Data: 02.12.98, horário: 14:50 horas:

Estava na “sala de reuniões” da Delegacia-Geral da Polícia Civil e me dirigi até a “Assistência Jurídica”, a fim de redigir uma comunicação interna solicitando férias a partir de sete de dezembro a dezoito quando deveria estar viajando com o meu pai para os Estados dos Paraná, São Paulo e Minas Gerais e, também, desfrutar um pouco do dinheiro que apareceu num excelente momento. Logo que entrei no recinto encontrei Myriam que me cumprimentou e  “Jô Guedes” que foi apanhar no computador um modelo de “CI” pronta do Delegado Braga acerca de suas férias para usar como modelo, aproveitando para me lançar uma pergunta:

(...)

  • Doutor Felipe então é verdade que o senhor vai ser o Delegado-Geral?
  • Não sei Jô.
  • É o que estão dizendo por aí. (Myrian)
  • Só sei que o Doutor Braga quer ser o Delegado-Geral e ele já está com tempo para se aposentar, enquanto eu e você, sabe né Myriam como o poder é desgastante...
  • É verdade.
  • Tem que se pensar muito, se for para realizar um projeto tudo bem, mas quando ele está comprometido...

(...)

E “Jô Guedes” terminou de redigir a comunicação que eu iria levar ao Delegado-Geral Trilha.
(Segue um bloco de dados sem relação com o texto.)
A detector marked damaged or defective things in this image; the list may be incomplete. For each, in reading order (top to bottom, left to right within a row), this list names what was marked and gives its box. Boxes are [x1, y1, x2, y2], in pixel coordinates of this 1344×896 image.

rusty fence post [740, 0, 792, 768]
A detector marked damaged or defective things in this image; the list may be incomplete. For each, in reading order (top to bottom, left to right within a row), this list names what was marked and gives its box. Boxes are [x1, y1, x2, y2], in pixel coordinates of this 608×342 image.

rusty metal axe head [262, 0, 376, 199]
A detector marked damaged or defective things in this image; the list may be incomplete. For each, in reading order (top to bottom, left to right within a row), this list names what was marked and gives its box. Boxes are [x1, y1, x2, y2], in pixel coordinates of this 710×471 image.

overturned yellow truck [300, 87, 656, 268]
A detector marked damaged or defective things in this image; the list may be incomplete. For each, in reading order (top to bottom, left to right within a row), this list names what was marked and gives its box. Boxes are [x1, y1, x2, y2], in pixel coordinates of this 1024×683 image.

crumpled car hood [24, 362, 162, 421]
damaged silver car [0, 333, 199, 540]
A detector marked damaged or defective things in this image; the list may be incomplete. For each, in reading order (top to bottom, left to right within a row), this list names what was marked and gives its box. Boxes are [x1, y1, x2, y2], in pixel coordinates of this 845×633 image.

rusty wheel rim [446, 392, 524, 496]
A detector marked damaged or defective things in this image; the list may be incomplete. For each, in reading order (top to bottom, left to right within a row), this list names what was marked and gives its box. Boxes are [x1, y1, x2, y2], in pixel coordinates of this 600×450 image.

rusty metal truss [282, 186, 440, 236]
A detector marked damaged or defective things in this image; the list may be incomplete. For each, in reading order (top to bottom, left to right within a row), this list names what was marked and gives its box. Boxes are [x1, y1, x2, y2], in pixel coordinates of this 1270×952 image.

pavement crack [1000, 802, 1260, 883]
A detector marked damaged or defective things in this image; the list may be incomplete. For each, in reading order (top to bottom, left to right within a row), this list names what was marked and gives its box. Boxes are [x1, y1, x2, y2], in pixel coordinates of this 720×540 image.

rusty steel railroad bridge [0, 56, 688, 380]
Nem me lembrei mais a última vez que estive na sala do Delegado-Geral e nem parecia que ele havia reassumido naquele dia o cargo, depois da viagem para a França.  A sua secretária havia informado que ele estava com o Delegado Elói e perguntou se eu desejo entrar. Respondi que aguardava mas ela foi avisar sobre a minha presença no local e Trilha imediatamente pediu que eu entrasse. Nesse momento constatei que Trilha e Eloi estavam de pé:

  • Eu já estou indo, gostei, o homem emagreceu, estava com cento e cincoenta quilos. (Elói)
  • Elói temos que fazer aquela entrevista. (Felipe)
  • Pode sentar, senta  Doutor Genovez, senta! (Trilha)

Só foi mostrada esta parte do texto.